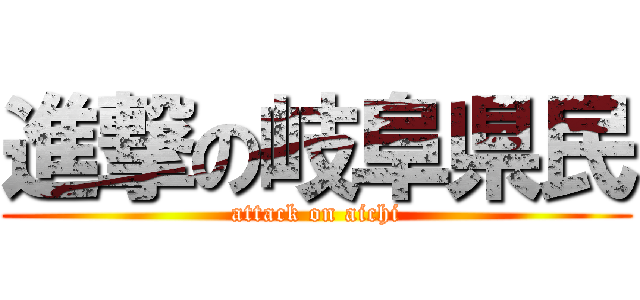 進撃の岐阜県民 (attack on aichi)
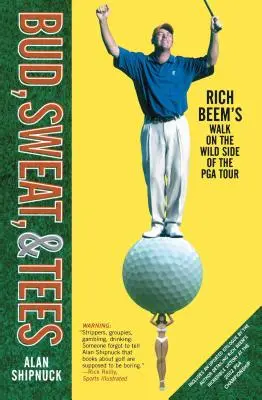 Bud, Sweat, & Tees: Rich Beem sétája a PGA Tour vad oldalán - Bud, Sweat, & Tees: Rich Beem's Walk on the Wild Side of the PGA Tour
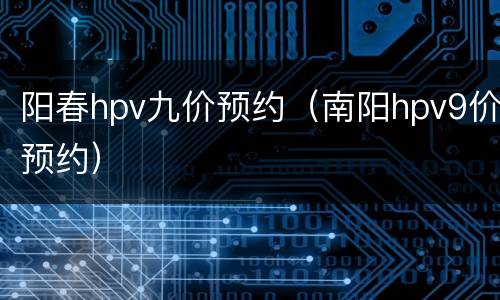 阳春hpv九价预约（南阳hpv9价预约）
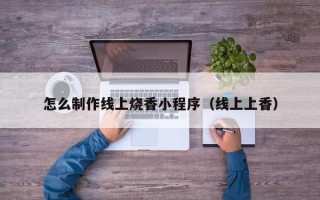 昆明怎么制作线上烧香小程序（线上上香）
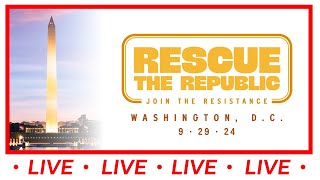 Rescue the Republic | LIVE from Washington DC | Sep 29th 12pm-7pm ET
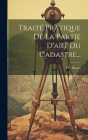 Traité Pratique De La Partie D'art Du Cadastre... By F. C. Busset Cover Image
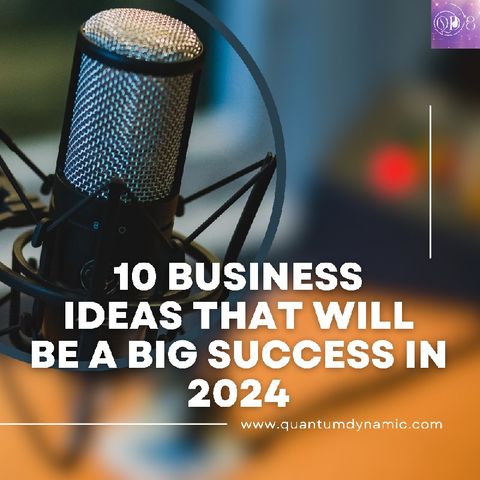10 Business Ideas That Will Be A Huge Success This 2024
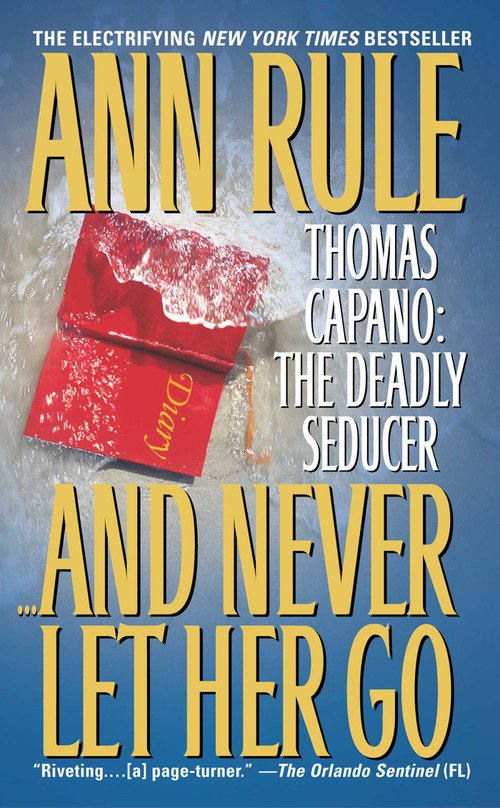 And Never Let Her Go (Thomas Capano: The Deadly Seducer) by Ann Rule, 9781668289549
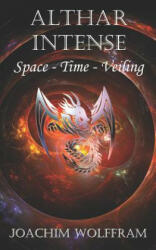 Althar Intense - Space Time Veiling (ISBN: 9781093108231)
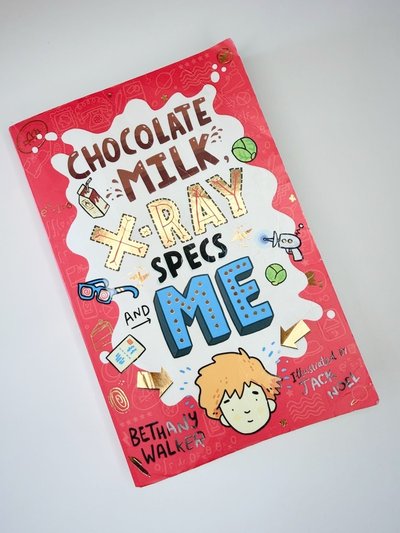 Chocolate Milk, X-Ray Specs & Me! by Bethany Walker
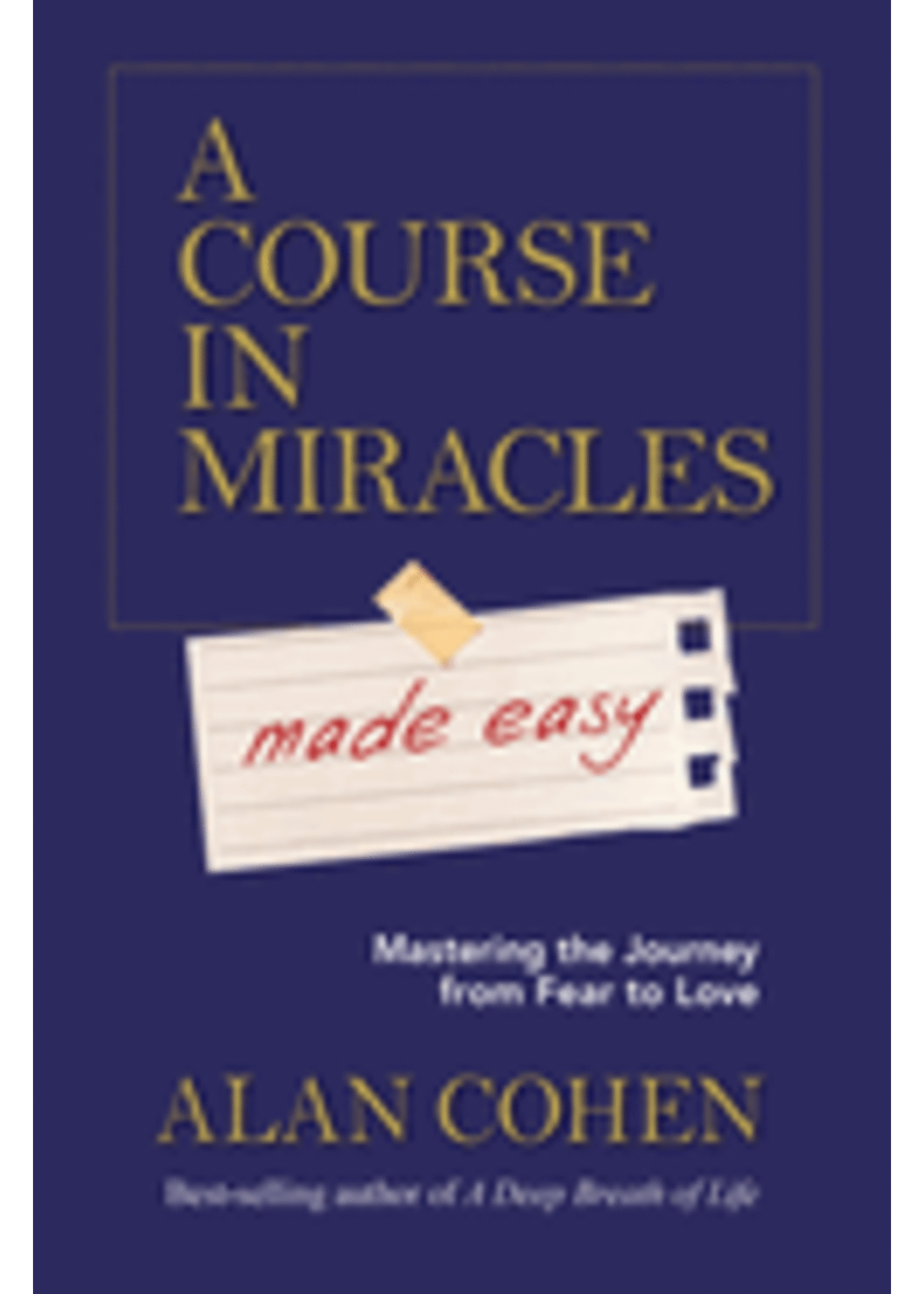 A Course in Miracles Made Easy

┄┄┄┄┄┄┄┄┄┄┄┄┄┄┄┄┄┄┄┄

From the line containing "And Never Let" through the last line of the listing, inclusive, transcribe every line exactly and nothing else; the pictures stay out.

 And Never Let Her Go (Thomas Capano: The Deadly Seducer) by Ann Rule, 9781668289549
 Althar Intense - Space Time Veiling (ISBN: 9781093108231)
 Chocolate Milk, X-Ray Specs & Me! by Bethany Walker
 A Course in Miracles Made Easy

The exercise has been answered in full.